■ REQUIRED WORK ■
Without copying any picture, transcribe exactly the lines of the data below from the one containing "Messor nondentatus" through the one containing "Cập nhật giá".
(Beginning of DATA SUPPLIED)
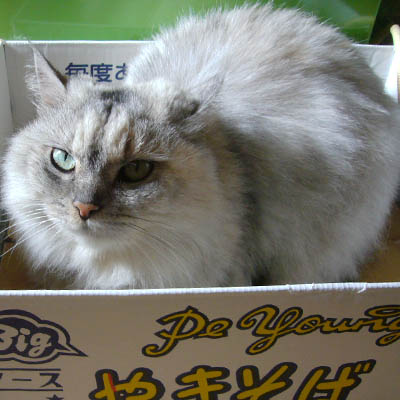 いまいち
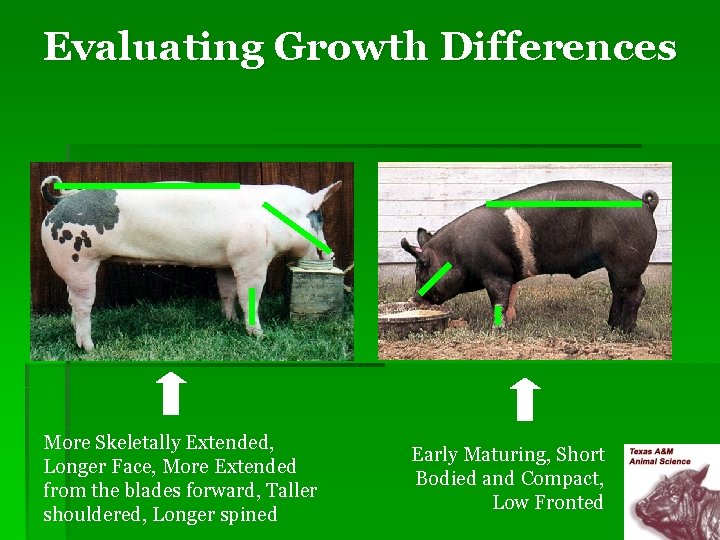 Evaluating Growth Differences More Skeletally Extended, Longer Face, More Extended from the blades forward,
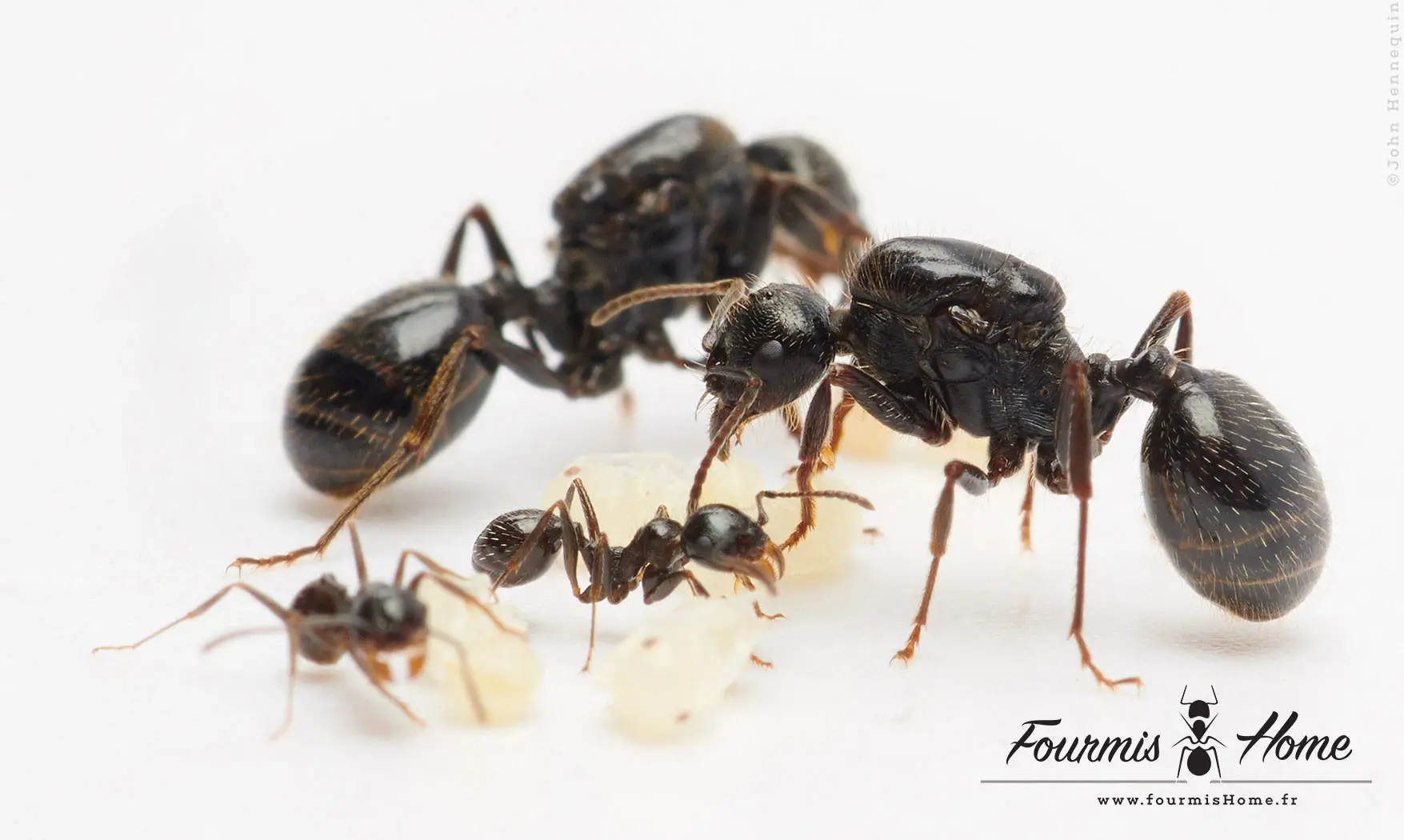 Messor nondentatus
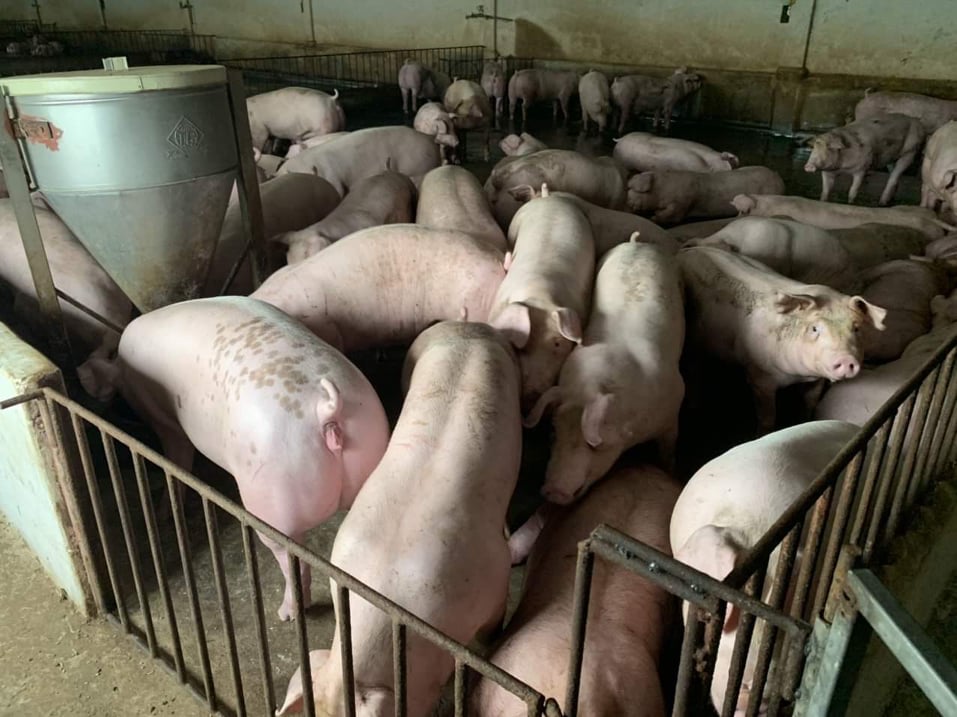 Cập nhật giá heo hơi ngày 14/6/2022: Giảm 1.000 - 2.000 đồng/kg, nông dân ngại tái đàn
(End of DATA SUPPLIED)
(Beginning of DATA SUPPLIED)
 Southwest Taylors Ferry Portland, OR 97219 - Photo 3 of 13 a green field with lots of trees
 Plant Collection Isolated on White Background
(End of DATA SUPPLIED)
(Beginning of DATA SUPPLIED)
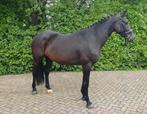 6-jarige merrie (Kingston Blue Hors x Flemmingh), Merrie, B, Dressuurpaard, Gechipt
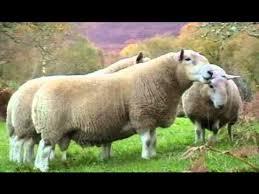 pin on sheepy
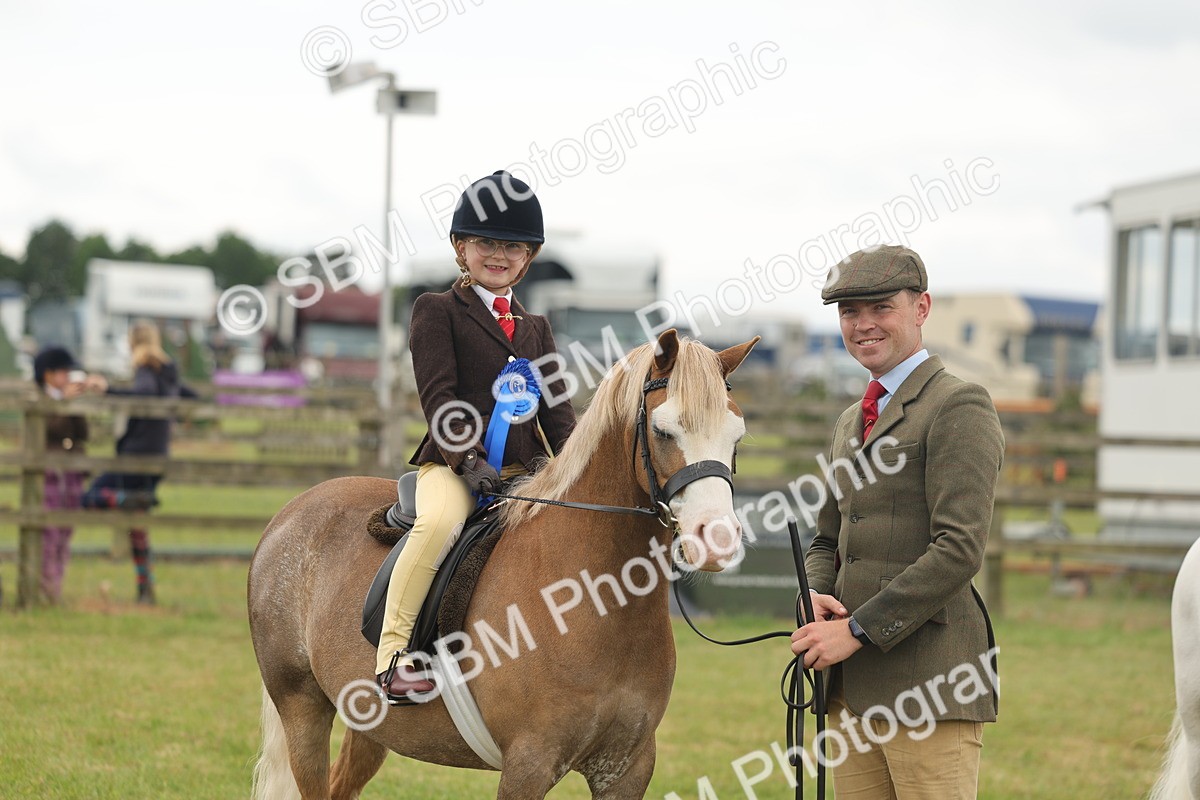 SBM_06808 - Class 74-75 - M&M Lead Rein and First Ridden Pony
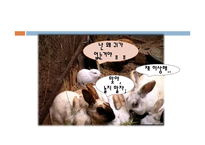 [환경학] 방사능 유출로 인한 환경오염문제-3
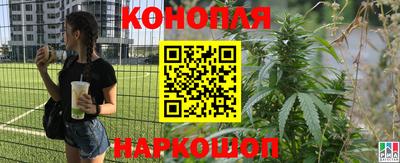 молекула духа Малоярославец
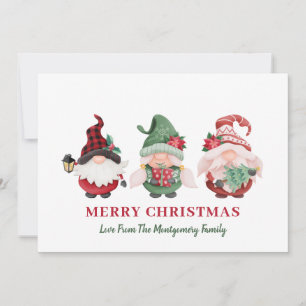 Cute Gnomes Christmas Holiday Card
(End of DATA SUPPLIED)
■ EXPECTED OUTPUT ■
 Messor nondentatus
 Cập nhật giá heo hơi ngày 14/6/2022: Giảm 1.000 - 2.000 đồng/kg, nông dân ngại tái đàn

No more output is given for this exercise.